Altera la visione dei cieli notturni, cancellando le stelle, ed è anche un fattore di rischio per gli ecosistemi: si tratta dell’inquinamento luminoso, una questione particolarmente sentita dalla comunità scientifica, che torna alla ribalta per una serie di studi. La raccolta è stata pubblicata recentemente su Philosophical Transactions of the Royal Society B: Biological Sciences, rivista scientifica della Royal Society edita sin dal 1887, quando la prima rivista interamente dedicata alla scienza, a sua volta fondata nel 1665, si divise in due pubblicazioni, una dedicata alle scienze biologiche e una a quelle fisiche.

La pubblicazione, che in ogni uscita si occupa di una specifica area della biologia, ha appunto dedicato l’intero numero 1892 all’influenza dell’inquinamento luminoso sull’ambiente (“Light pollution in complex ecological systems”).

Questa forma di contaminazione è dovuta alle fonti di luce artificiale connesse alle attività umane e alla luce solare riflessa dai satelliti e dai detriti spaziali.
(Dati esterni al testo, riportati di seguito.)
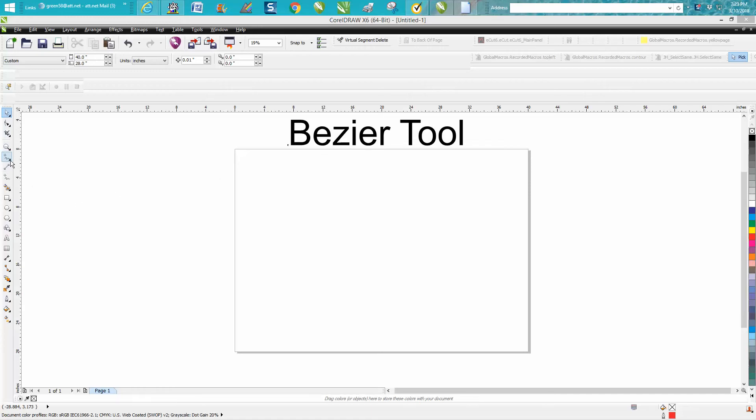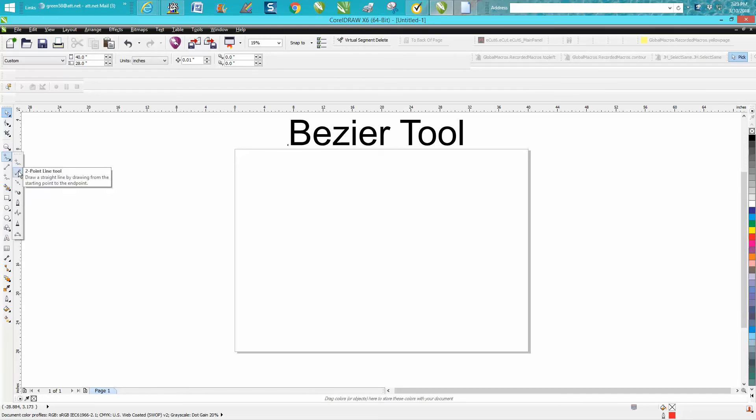Your Bezier tool is underneath your freehand tool or two point line or whatever tool you used last.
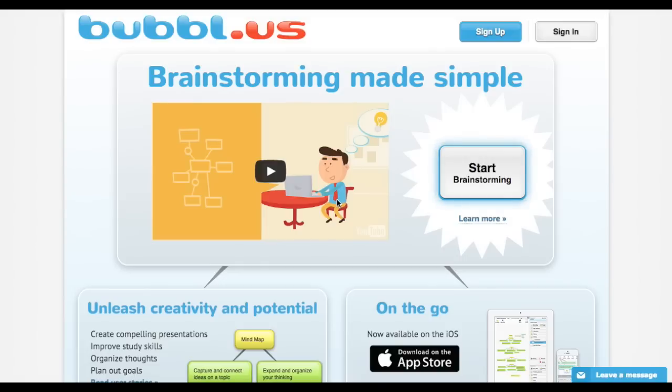With Bubbleless, students can create mind maps or thinking maps. Just a fantastic tool, very colorful tool that just helps kids visualize their thinking.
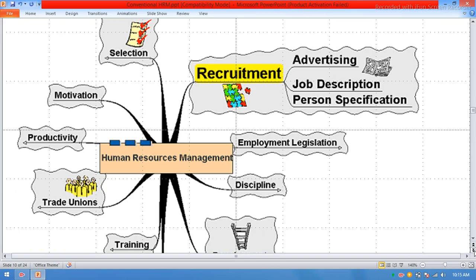Recruitment, employment legislation, discipline, training, trade, productivity, motivation, and selections.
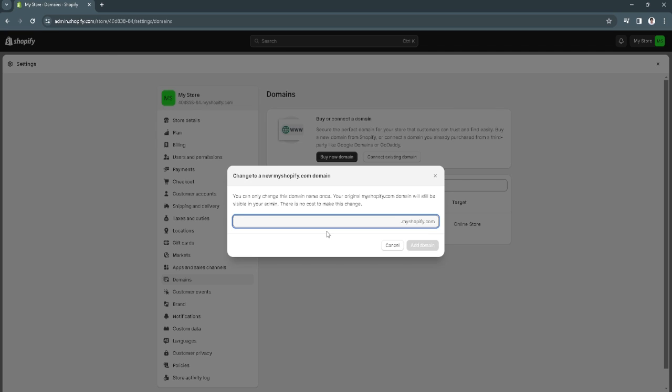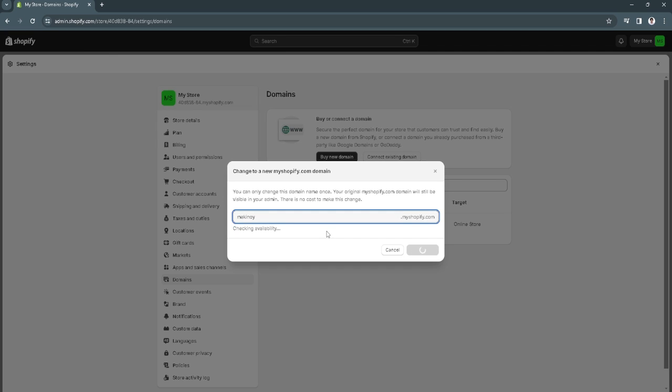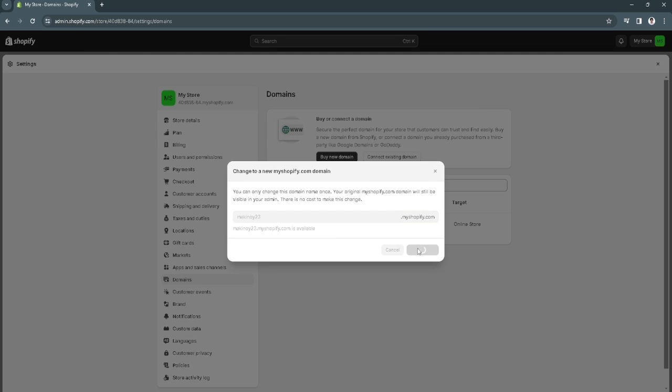For example, let's just type in this domain. If it's available, just click on add domain.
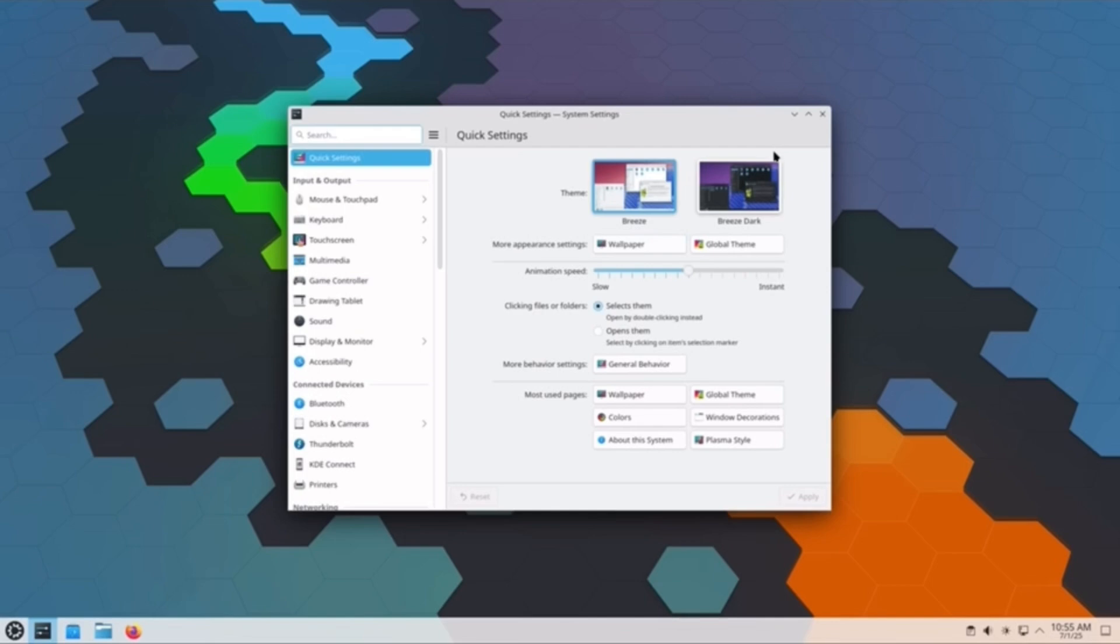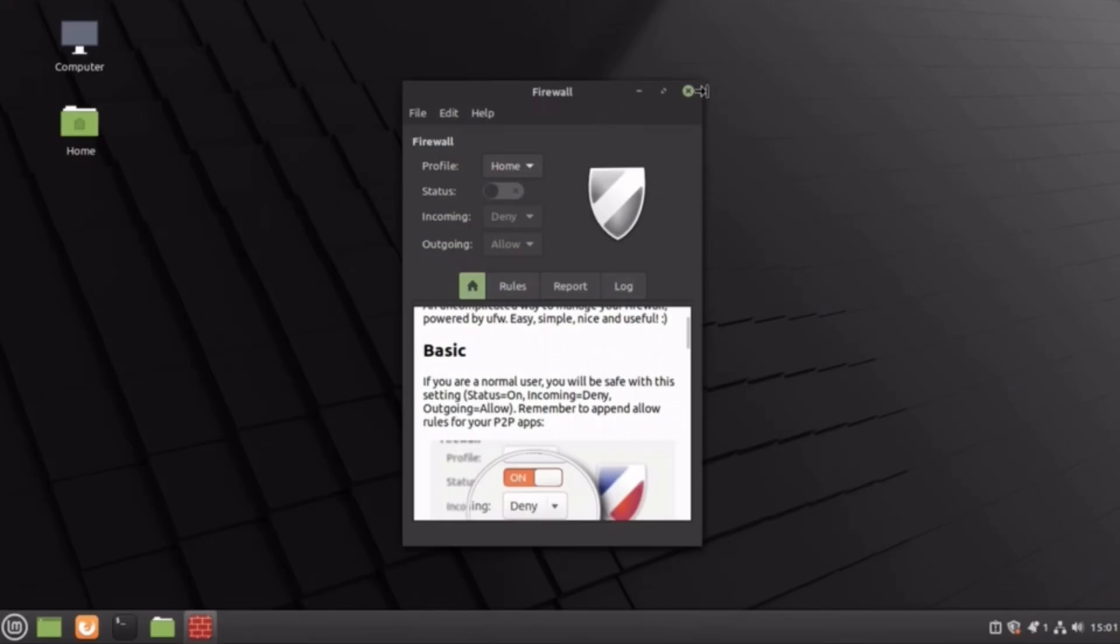For design, KDE's effects and widgets win for those who love tweaking, while Cinnamon keeps it classic and straightforward.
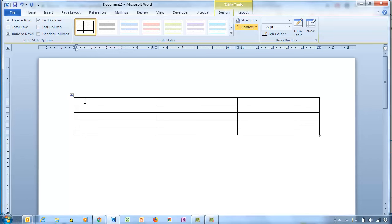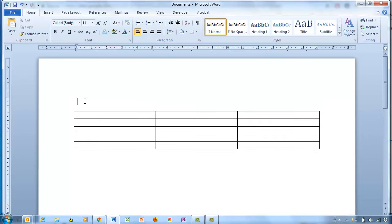If the cursor is in the first cell, press Enter — the table moves down and gives you a place to type the title there.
Tale inquinamento comporta numerosi problemi alle attività scientifiche degli osservatori astronomici e, alterando i cicli naturali di avvicendamento tra ore di luce e di buio, influisce negativamente sugli organismi animali e vegetali che popolano diversi tipi di ecosistemi, compresi quelli marini e quelli del suolo.

La monografia curata dalla Royal Society indaga l’ecologia dell’inquinamento luminoso, analizzando vari ambienti e tipologie di organismi per chiarire meglio le connessioni tra questo fenomeno, le attività umane e l’equilibrio ecologico. Lo scopo della pubblicazione è di approfondire le varie sfaccettature dell’inquinamento luminoso in rapporto all’equilibrio ambientale, insidiato da un’illuminazione sempre più diffusa e in crescita.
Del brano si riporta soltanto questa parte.